I remembered the video was an ACE driver or an M1 with a dozer blade, but yeah, it beats grenading and bayoneting them like some guys had to do. Granted, it might not matter much for the M1 since it has the Special Armor in the prow, but it is serious for a BMP, BTR, BMD, or T-72/-80/-90. So I do think Russia's emphasis on fire support for their tanks during trench assaults is more because their vehicles are thinly armored than anything else, tbh.
You'd have a fat minute and change to get in there and crush the other guys, with a tank that pulls M4 Sherman-like mobility and weighs near a hundred tons, at least these days. Good news is they probably won't have either PF98s or RPG-29s, bad news is you're slow so someone who does have it might get a shot off.
But anyway yes, digging deep is more important now than ever. Foxholes will have to be built like pillboxes or something equally silly, and tanks will wear hats to hide from the drones. They already do in Ukraine. That will be the case, at least until people can get a grapple on the drone situation, and figure out when and if they are being observed passively.
There are some weird things, like quantum radar principles, that can be used to determine if your radar is being sniffed out by REC, for instance. Presumably similar things could be done with visual information, since there are incredible tricks of light that can be done,
like imaging reconnaissance done through miles-thick clouds based on a photon bouncing off a person. The weirder quantum stuff is done with photon entanglement, while classic (non-quantum) is done with coded lasers. I don't know if this could be applied in reverse, but the Chinese are super interested in quantum entanglement systems for visual reconnaissance, so that might be a exploitable weakness in future multi- and hyperspectral observation equipment.

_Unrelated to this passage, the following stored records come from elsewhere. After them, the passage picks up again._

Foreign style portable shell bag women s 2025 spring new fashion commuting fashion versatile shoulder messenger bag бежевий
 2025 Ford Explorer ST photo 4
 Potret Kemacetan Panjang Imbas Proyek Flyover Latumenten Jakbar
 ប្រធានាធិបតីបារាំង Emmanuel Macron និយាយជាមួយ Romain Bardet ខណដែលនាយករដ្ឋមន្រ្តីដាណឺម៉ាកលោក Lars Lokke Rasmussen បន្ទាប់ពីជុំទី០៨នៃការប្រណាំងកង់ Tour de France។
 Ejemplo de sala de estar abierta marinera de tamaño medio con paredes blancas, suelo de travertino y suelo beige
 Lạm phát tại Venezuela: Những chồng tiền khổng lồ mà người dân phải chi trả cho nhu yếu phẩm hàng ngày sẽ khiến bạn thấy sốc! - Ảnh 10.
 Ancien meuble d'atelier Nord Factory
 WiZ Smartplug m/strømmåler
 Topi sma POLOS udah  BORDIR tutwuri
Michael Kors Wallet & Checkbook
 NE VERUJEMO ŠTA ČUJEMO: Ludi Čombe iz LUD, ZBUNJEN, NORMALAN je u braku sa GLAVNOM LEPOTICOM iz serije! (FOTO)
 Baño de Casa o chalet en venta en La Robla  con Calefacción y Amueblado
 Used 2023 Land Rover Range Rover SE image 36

Something like that, or something like a very powerful satellite constellation that can see little tactical drones (they are growing metal, if only from mortar bombs) could help. Would probably need to be routed through a Tac Air Ops Center or whatever the AF calls it. Or maybe a more powerful version of the PSS-7 that can sniff out datalinks from a drone, tied to a C-UAS mount on a gun carrier or a trailer. Won't work if they use highly directional commos or SHF SATCOMs but whatever.
My point was more movement can be done only when not under observation, and as it stands a lot of guys won't know if they're under observation or not until the WLRs call incoming mortars, or until the shells start landing if they're in a bad place, and either way it's not a good place to be in. It's why trenches with thick dugouts and heavy reinforcement are a necessity in Ukraine, and will probably be a necessity in WW3, as armies will chew up their best stuff first, and start using stockpiles and older kit as it drags on.
No one really has the industry or economic potential anymore to drag out a WW2 style industrial war, except maybe the Chinese, tbh.